Friday

Modern synoptic sky surveys have proven transformative for time-domain astrophysics, only possible by high-performance machine learning classification to efficiently sift astrophysical sources from artifacts in the vast quantities of data these projects generate. With upcoming step changes in survey capability (e.g. Rubin Observatory's LSST) further increasing this data rate, continued improvements are required to continue to efficiently leverage the unprecedented discovery stream these projects provide.

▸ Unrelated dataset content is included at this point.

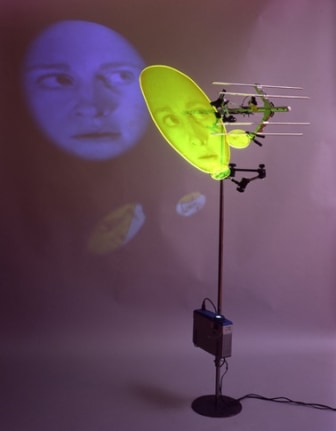 Endfire Array, 2001. Sony DPL CS2 projector, DVD player, DVD, metal, Performance by: Tracy Leipold, 76 x 32 x 41 inches + equipment. MP 310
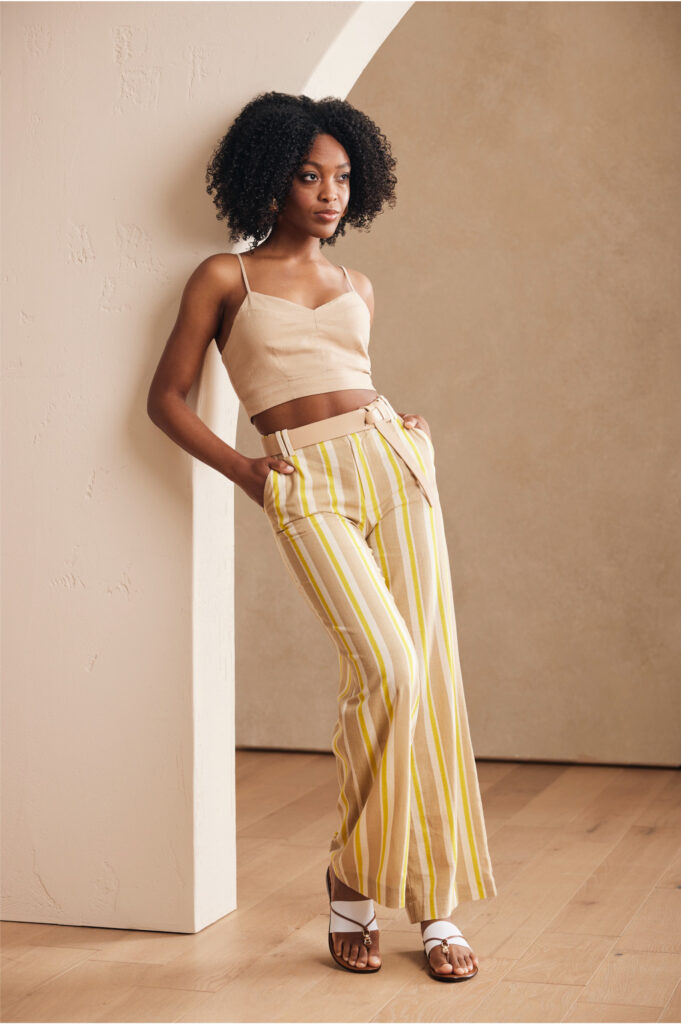Woman wearing yellow pants and a top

We present recent progress on source classification in difference images (Killestein et al., 2021), applying Bayesian deep learning to the incoming candidate stream of the Gravitational-wave Optical Transient Observer (GOTO) survey. Our classifier provides uncertainty-aware predictions to assist human interpretation, and can be trained to state-of-the-art (1% FPR, 1.5% FNR) performance with minimal human labelling via a fully-automated data generation procedure. A key improvement is the implementation of a novel data-driven augmentation scheme to generate realistic synthetic supernovae to train on, yielding a CNN classfier uniquely optimised for locating extragalactic transient sources. This provides significant improvements in the recovery of faint and nuclear transients of key interest, and the kilonovae that form the principal science goal of the GOTO project.

We will also showcase early results from the next-generation GOTO source classifier, leveraging contextual information to provide rich, multi-label, hierarchical classification -- reducing human vetting effort in the short-term, with the overarching aim of fully autonomous, real-time triggering of follow-up resources.